Wednesday, 10 October 2012

Spring has well and truly sprung

Oh deary me, it has been sometime since I have posted anything. Between a 4 week placement for uni, assignments, work etc etc I have been very slack indeed. However, now that Spring has arrived, I am super excited, pretty much because the warmer weather means that plants are just growing like crazy! I couldn't believe it, once we had a couple of warm days, my silverbeet shot right up and so did everything else. I am very pleased with how things are going in the garden.

Bees are just going crazy for the Lavender and other flowers in the garden. I love to have a lot of companion flowers in the garden, not only because they look really pretty but the bees love them, and they will help to pollinate some of my summer veg. 

Beautiful new growth of my fig tree

Nasturtiums do tend to take over a little, so if you don't want this, than keep an eye on them, however, they are a lovely contribution to the veggie garden, they sprawl all over the place, they have a pretty flower, they are edible and super easy to grow from seed. 

These corn seedlings have been growing like crazy. This is my first attempt at corn so it is more an experiment than anything, and if I get something out of it, well fantastic! I did an order with the Diggers Club and so these corn seedlings were grown from super easy! Corn is a summer crop and so far, it has been very easy to get growing.

 I use these old birdcages to stop possums from eating my crop. I have parsley, silverbeet and other salad greens growing here. I still cannot get over how crazy they have gone now that the weather has warmed up.Give them some liquid fertiliser and they are as happy as leafy greens could be!

Last year, my garlic went so well, so I decided to plant triple the amount. I cannot wait to see how this year's organic garlic goes. To me, home grown garlic is one of the most excited and satisfying crops to grow in the  home garden. 

Monday, 13 August 2012

A day at the gardens

I love the botanical gardens in Sydney. It is one of my favourite places in this sometimes hectic city, with great views over the harbour. If you are going to live in or near a city, I think Sydney is one of the best, as there are so many great, FREE things to do here, and you can usually count on the weather being pretty bloody good, even in the wintertime...(see below!)

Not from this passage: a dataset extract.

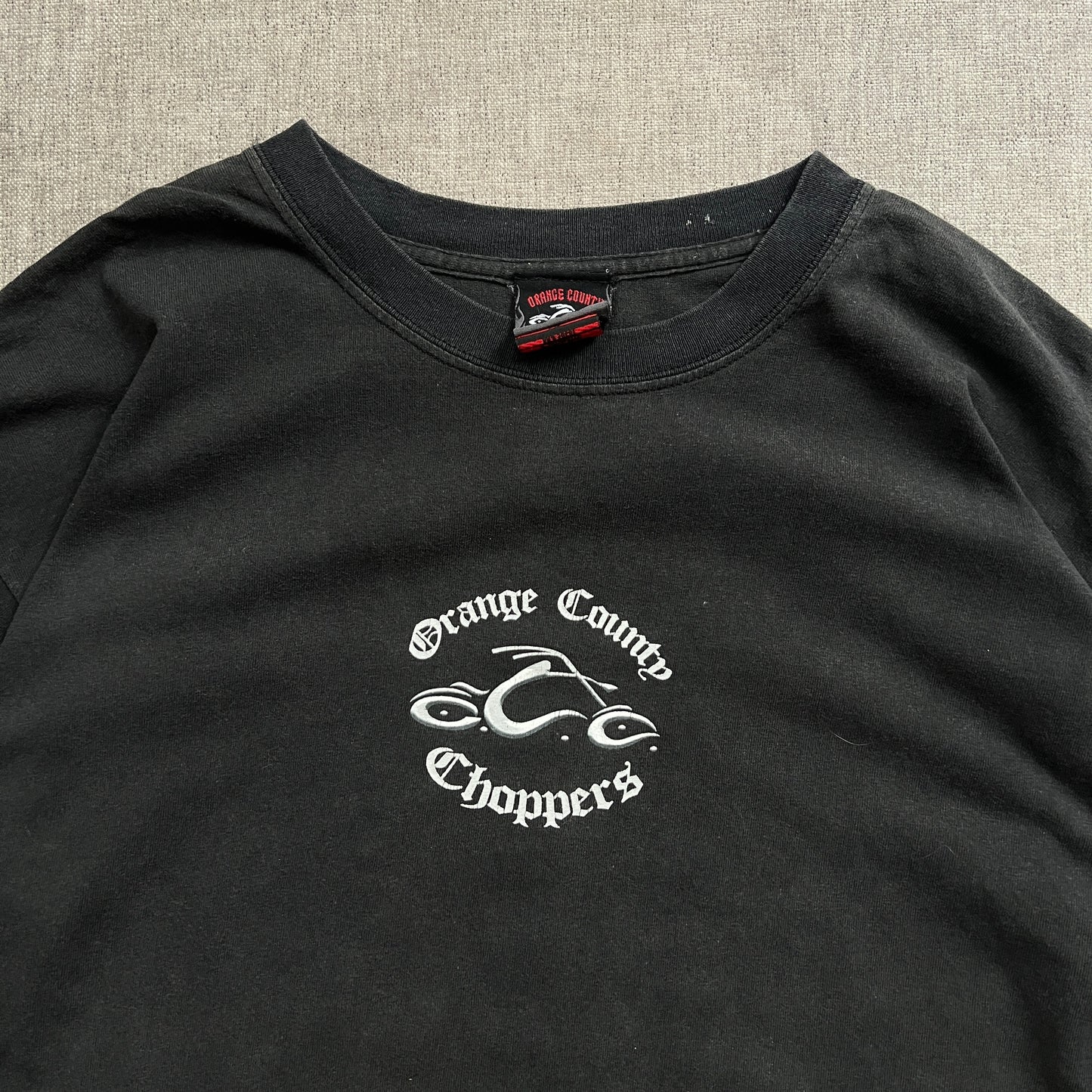 Orange County Choppers Tee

My mum always brought me here as a kid, and then once I was old enough to catch the train alone (about 13) I used to venture in here alone or with a friend, to wander, imagine, draw, take photos and to feel inspiration, mostly in regards to creating my very own garden one day. 

On this particular day out, I felt inspired by the gardens' vegetable and native bush tucker food garden. I gained a lot of inspiration from their plants and design, not only for my current garden, but for a garden that I will one day have when I own my own home. I also learnt heaps, like you can eat Lomandra and Sydney rock lily...I had no idea!

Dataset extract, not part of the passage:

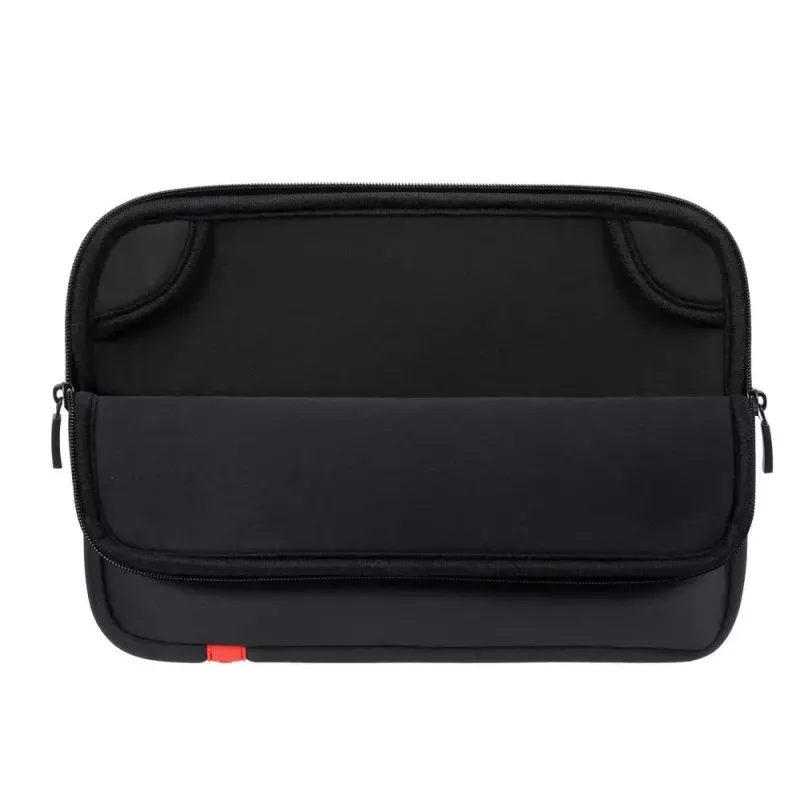 Θήκη sleeve Rivacase Antishock 5123 33,8 cm (13,3 ίντσες) μαύρο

Rock lily (dendrobium speciosum), the starchy stems were eaten raw by Gadigal people or after roasting them over hot coals. I have a huge rock lily in my front yard and am tempted to try!

Native raspberry. This plant is prickly but grown out of the way, as it is here in the gardens can be a great addition. I am very tempted to look into buying one. 

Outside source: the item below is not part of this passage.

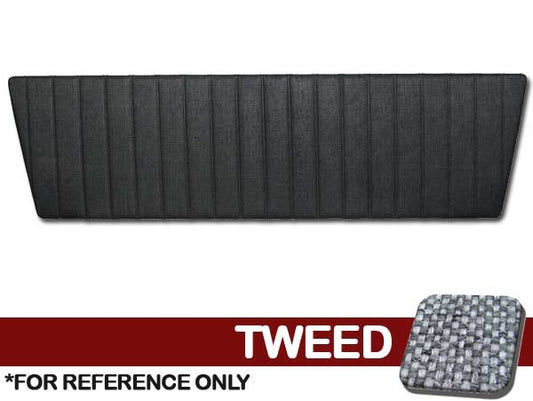 Speaker Tray (W/ 6 x 9 Holes) 1949-78 VW Bug Sedan - Tweed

Warrigal greens or native spinach is a prolific groundcover. I don't have any in my garden but I think might introduce some soon, especially as a great addition to spinach pies and frittatas. 

This beautiful hardenbergia is coming into bloom, and adds colour to this eucalypt. In my own garden I have a hardenbergia climbing up through a Geraldton wax and when the two are in flower, the site is absolutely beautiful Hardenbergia's are a climbing plant and bear a very pretty and dainty purple flower from now until summer. They are a great addition to any type of garden. 

Spring is in the air...

After feeling a lot of frustration with my possum problem this winter, it was great to get some ideas and inspiration into how to help stop the problem.

Some very healthy Kale...

What a beautiful and perfect tree...the tuckeroo. 

Saturday, 21 July 2012

Guerrilla Gardening: "Do the right thing - plant trees"

Guerrilla gardening is absolutely one of my favorite things to do. It is everything that makes me passionate about gardening, bush regeneration and the environment. The reward and satisfaction of seeing plants, you have planted into a non-productive, weedy space is so gratifying and pleasing. I love it. I hope that others can feel and do the same. 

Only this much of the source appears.